My first question, in the release, you gave some comments on Aethon, but I was hoping to maybe get a little more color. You mentioned in the release a delayed initial production from some wells in the second quarter. Can you clarify what that means? Is that a deferred till or are they choking back production?
And then if you could kind of give broader comments on if Aethon has sort of formally come out of this time out that they entered in December.
Thanks, Tim. Appreciate the question. And I guess -- this is Taylor, I'll take a quick pass on just your first part of that question on the delayed production. To clarify what we said in the release -- so we had previously announced that there was a number of wells that the first production date was just going to be delayed a little bit. And so the comment there in the release is specific to those wells that were previously announced, and we're excited to see those wells go ahead and come online like we mentioned, 8 of the 10 and anticipate the other 2 coming along in the second half of the year.
Okay. Okay. So that's -- the IP rates you gave suggests those are the typical fully producing rates. Okay. And then can you clarify on the time out part of that question, are they officially out? Do you get notification? How does that process work?
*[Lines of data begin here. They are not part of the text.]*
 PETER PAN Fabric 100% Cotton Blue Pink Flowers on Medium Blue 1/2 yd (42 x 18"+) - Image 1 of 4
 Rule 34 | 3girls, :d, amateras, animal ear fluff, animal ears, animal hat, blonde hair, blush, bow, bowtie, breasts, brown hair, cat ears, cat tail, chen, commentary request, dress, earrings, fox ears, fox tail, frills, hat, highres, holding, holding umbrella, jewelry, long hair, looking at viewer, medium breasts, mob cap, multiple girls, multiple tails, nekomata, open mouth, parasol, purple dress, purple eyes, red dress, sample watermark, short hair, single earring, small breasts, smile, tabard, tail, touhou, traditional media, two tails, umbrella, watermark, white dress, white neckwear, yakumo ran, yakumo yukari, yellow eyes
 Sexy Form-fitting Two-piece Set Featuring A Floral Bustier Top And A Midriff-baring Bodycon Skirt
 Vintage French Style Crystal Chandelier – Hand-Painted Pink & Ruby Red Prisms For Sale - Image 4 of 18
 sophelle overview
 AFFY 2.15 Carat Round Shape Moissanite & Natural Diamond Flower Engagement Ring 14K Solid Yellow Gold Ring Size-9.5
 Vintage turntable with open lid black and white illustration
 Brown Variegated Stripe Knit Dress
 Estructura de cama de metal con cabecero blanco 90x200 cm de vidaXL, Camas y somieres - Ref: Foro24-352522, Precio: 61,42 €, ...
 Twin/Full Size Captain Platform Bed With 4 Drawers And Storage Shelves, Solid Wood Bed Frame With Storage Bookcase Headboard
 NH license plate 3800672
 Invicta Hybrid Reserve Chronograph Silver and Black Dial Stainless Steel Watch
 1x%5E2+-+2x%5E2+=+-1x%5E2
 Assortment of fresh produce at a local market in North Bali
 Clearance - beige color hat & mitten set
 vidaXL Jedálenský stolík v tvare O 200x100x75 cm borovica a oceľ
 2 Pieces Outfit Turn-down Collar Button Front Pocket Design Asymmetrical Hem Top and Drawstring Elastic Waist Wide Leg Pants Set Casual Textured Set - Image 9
Tim, this is Carrie Clark. Yes, I think not to -- we can't really speak to that, not withholding any information, but I think what was put in the press release is we're still talking with Aethon as far as a formal declaration of coming out of time out. That's not really -- it's something that we can speak to definitively right now. But I can say that they did put 3 new wells in February -- and those wells, I think, have just come online.
We have not seen additional -- initial production rate yet, but we're still talking with them on how best to move forward holistically.
Okay. Okay. I understand. I appreciate that. And then as my follow-up, in the release, you continue to highlight mineral acquisitions in this emerging but not yet disclosed Gulf Coast area. And I was curious kind of what is precluding you from discussing it more openly, is there a critical mass of acreage you want to acquire? Are you waiting to get some sort of formal agreement with an operator. I know you can't give color, but I was wondering if you could give a little more detail on what the guideposts are to evolve that process.
Sure. Yes. I mean, we're -- as is pretty standard, we're not speaking in a great amount of detail publicly or formally about that acquisition program that we've shared quite a bit of information about it. We're just still trying to maintain -- we're trying to assimilate a position that's accretive to the position that we already have that lines up with the science and some technical work that we've done over the last year. And it's that, I think, pretty much covers it as far as the acquisition program.
Okay. All right. I understand you can't say too much.
[Operator Instructions] It looks like we have no additional questions at this time. I'd like to pass it now back to speakers for any closing remarks.
Okay. Thank you all very much for joining us for the 2Q '24 earnings call, and we look forward to speaking with you at the next quarter. Thank you so much.
Thank you, ladies and gentlemen. This concludes today's presentation. You may now disconnect.